In my hopeful naïveté I made believe that the moon’s place in the sky assumed or assured a child’s place in her, but while I slept the fingerling begged my eyes open, watching and waiting and never allowing me to forget what we had seen, that night my wife had returned bloodied to the bed.

YOU KNOW THERE IS NO CHILD
, the fingerling said, his shape curled in upon my ear, circling its ugly organ with each word, each soft-slung syllable.
THERE IS ONLY A LIE
,
WHICH IN YOUR WEAKNESS YOU ALLOW HER TO KEEP
,
TO HOLD AGAINST YOU
.

EXPOSE HER
, he said, and then he slipped his shape across my face, around the curve of my jawline, down into the spiral canals of my other ear, crowding that too-small space so that he might command my attention, so that he might speak longer than he had spoken before:
EXPOSE HER AND MAKE HER PAY. FOR HER DECEPTION
,
FOR WHAT SHE DID TO YOU
,
FOR WHAT SHE DID TO ME
,
TO MY OTHER BROTHERS AND SISTERS
.

He said,
I HAVE SEEN THE INSIDE OF HER SHAPE
,
AS I HAVE SEEN THE INSIDE OF YOURS
,
AND I TELL YOU IT IS NOT OUR LACK BUT HERS
.

Despite the tickle of the fingerling in and around my face, still I dissented. Long had I saddened at the failure of my children, at the ghost I had set to seed, but never had I blamed my wife, not in full, not as we expanded the distance between our bodies, not after we had ceased to smile at each other in doorways or through windows. Some part of that distancing had been reversed by this pregnancy, and in this last-found closeness I wanted to believe all the fingerling claimed I should not; and even if her pregnancy was over, then perhaps I was willing to blame her actions on the twisting unreasonableness of heartbreak, and so I did not agree that my wife had done me wrong.

Against these arguments the fingerling insisted, and in my refusal of that insistence the fingerling showed me some others of his tricks, demonstrated how he too was a tracker. He had learned his mother’s movements, and also her motives, knew both better than I ever had, and so one hot afternoon he urged me back to the house, hurried me until I abandoned my shouldered burden to walk faster: For weeks, my wife had sung upon the dirt throughout the darkest hours while in the locked bedchamber I slept or tried to sleep.
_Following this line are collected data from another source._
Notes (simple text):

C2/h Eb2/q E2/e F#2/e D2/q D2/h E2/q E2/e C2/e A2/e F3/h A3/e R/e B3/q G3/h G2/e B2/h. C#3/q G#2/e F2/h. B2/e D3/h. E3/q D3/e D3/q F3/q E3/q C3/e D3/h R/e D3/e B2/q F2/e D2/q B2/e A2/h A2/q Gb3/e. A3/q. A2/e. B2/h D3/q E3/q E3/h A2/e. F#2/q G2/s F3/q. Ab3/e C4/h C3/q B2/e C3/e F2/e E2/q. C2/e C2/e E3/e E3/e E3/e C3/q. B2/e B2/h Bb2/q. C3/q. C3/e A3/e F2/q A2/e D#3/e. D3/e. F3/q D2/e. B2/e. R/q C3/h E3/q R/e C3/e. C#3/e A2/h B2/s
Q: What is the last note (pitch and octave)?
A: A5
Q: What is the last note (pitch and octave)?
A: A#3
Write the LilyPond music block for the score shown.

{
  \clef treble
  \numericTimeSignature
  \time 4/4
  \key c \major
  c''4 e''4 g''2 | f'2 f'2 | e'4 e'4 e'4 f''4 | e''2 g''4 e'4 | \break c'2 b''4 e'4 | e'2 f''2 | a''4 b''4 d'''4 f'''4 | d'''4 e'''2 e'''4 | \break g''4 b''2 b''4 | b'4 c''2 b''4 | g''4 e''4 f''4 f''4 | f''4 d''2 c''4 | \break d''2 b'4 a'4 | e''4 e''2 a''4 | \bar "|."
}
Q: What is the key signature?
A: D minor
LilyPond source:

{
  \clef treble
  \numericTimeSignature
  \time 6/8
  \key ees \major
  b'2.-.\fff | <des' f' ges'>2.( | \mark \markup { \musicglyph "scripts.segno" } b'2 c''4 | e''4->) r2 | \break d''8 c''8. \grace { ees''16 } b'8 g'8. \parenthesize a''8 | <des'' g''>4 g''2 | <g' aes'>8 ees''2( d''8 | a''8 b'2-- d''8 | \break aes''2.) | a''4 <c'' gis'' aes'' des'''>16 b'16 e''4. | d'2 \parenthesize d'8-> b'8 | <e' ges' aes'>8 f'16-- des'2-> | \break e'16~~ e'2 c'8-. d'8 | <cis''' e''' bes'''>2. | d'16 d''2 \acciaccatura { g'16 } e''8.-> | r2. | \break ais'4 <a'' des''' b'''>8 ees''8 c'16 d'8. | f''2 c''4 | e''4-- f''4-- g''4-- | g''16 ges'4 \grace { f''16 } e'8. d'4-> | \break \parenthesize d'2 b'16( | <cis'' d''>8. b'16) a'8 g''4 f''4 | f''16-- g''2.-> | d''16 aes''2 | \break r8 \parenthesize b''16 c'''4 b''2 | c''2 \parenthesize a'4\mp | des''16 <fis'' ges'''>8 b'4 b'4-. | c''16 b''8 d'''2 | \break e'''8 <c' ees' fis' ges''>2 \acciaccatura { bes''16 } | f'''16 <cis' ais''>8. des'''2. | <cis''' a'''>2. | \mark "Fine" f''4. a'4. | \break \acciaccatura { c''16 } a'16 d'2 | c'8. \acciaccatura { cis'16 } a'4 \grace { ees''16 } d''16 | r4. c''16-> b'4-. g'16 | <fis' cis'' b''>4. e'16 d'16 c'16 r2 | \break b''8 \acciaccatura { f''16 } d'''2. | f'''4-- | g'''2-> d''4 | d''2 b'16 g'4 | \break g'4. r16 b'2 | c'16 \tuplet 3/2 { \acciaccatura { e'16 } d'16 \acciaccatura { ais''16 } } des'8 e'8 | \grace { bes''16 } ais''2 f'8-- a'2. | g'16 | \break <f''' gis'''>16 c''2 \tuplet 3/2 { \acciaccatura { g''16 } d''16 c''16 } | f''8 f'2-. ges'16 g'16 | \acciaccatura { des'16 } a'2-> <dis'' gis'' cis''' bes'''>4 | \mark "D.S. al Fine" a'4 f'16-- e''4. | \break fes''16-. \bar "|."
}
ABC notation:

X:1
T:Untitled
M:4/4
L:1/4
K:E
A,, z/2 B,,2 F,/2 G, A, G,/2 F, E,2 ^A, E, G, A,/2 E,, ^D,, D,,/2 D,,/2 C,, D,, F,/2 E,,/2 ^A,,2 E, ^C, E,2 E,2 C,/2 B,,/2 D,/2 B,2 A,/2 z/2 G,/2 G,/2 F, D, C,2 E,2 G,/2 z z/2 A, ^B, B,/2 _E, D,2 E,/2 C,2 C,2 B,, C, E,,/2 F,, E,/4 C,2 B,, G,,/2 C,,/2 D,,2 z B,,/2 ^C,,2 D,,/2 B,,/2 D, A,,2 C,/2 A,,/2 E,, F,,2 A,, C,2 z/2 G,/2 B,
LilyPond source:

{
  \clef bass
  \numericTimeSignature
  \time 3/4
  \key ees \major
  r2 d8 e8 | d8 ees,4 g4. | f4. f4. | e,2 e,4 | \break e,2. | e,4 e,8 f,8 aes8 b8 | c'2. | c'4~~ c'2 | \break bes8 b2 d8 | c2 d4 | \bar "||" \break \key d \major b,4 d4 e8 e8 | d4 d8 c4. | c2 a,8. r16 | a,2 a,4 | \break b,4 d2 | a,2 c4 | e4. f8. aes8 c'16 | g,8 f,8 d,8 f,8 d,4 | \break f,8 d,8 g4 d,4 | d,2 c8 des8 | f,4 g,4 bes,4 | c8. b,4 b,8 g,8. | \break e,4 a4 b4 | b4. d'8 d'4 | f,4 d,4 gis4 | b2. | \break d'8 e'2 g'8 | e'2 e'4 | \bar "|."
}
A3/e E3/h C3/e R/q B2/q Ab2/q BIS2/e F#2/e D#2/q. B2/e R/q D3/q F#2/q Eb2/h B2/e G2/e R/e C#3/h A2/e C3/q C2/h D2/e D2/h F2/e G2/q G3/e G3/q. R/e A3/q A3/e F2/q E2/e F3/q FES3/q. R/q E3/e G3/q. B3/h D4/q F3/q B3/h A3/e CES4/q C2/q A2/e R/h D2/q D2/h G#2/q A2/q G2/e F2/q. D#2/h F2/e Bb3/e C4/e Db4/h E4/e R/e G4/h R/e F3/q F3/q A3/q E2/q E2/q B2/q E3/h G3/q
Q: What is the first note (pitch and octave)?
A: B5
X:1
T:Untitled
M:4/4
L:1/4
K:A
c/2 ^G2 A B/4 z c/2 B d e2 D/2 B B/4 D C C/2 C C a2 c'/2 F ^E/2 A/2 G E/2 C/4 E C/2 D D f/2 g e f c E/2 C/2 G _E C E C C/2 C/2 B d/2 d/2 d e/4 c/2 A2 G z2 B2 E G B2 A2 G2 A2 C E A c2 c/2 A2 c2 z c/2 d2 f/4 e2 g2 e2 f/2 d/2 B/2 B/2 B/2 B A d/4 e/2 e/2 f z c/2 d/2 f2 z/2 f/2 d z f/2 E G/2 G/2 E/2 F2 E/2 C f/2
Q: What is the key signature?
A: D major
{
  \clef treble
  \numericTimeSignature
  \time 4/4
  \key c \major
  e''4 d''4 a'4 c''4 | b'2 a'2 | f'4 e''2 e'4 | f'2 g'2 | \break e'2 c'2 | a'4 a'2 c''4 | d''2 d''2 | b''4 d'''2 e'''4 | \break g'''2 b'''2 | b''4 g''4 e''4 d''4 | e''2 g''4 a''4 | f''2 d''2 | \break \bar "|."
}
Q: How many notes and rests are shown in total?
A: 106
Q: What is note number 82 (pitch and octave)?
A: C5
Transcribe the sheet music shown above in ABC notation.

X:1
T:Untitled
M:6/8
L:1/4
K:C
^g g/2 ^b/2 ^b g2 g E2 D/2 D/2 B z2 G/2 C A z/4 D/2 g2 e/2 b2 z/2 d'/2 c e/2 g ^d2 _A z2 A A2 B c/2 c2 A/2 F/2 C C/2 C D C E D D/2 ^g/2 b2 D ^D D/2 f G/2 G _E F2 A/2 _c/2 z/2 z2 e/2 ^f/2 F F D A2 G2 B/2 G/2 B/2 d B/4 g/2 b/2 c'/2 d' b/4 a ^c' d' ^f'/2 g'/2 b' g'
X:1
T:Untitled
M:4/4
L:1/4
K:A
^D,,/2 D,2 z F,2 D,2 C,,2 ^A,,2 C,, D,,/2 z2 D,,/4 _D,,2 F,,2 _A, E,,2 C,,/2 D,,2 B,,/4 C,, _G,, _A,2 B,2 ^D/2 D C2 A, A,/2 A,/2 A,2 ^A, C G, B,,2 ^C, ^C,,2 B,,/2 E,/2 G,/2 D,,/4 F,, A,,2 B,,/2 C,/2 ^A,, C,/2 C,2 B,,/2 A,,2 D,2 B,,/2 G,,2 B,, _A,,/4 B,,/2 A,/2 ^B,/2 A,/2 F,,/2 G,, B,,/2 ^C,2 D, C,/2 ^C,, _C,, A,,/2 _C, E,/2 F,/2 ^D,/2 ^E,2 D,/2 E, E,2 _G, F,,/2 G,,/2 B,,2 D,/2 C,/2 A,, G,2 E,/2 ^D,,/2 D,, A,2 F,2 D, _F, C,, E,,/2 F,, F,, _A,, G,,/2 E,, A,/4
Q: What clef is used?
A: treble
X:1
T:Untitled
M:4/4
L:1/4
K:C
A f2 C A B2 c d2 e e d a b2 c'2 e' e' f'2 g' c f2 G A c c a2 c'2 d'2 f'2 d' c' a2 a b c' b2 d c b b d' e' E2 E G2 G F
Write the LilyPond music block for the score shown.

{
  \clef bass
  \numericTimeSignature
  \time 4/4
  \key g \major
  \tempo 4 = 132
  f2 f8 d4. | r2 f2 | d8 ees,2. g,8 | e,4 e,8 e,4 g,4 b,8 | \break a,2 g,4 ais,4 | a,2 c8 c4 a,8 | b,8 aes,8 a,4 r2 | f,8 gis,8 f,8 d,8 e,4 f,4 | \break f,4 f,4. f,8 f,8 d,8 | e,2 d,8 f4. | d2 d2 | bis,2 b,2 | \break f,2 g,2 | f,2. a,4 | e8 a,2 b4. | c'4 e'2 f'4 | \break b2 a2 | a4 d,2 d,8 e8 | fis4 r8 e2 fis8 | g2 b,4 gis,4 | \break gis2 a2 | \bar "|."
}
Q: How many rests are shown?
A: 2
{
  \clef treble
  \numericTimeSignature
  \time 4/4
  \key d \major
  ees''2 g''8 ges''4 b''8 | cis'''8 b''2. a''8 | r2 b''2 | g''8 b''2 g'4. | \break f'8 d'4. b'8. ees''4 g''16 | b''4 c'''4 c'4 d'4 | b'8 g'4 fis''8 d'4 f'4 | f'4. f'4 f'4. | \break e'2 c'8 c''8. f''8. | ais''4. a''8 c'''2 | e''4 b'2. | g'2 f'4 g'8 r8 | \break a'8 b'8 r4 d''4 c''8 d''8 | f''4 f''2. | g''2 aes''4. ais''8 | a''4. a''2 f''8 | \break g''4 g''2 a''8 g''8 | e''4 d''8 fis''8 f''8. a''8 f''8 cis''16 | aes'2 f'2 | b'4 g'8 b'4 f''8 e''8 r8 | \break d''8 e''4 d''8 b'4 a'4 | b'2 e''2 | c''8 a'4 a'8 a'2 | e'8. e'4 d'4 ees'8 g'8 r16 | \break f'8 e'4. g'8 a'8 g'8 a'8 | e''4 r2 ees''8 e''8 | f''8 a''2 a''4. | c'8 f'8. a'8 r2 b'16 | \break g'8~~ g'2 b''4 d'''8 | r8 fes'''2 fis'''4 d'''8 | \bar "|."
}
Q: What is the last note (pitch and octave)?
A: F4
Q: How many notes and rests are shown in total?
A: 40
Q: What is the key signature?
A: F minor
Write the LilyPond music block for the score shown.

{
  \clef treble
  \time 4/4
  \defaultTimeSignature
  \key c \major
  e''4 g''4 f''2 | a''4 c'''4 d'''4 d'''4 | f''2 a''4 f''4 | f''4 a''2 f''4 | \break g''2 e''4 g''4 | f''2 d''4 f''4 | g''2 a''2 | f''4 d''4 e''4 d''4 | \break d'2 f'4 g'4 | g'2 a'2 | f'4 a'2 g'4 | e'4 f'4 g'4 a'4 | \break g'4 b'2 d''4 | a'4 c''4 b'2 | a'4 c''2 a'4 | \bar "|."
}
Now she was too exhausted to resist napping some portion of the day, and so the fingerling commanded me to tread lightly, to open the front door without creaks, to cross the floorboards without boots, to enter the bedroom, to see there what might be seen.

LIFT HER SHIRT
, bid the fingerling, hysterical, foamed and frothed, a nausea of need, and I did as he begged, and beneath my wife’s blouse I found what he wanted me to find: a fur, balled into the shape and size of a baby’s bulge; this hide with which my wife had hoped to deceive me, as if our son was to be a wolf, as if she had last rucked with an animal.

WAKE HER
, the fingerling commanded, but I did not wake her.

WAKE HER
, the fingerling said again, but it was only the fingerling who was angry then, only he who wanted her so quickly exposed and punished. For my part, there was almost only more sadness, that she could not admit what had happened, this expulsion from her body of our most recent child, which unlike all the others she had delivered dead alone.

N
OW CAME THE MONTHS OF
crossed deceptions, where we each hid beneath our clothes some child or not-child, grown inside our bodies or else never grown: For me there was the fingerling, five years swallowed, willful, angered at what world he knew only through me, his father-shaped host; and for my wife there was her own false child, her lie made artifact, a fakery of fur clutched always under her blouses and dresses.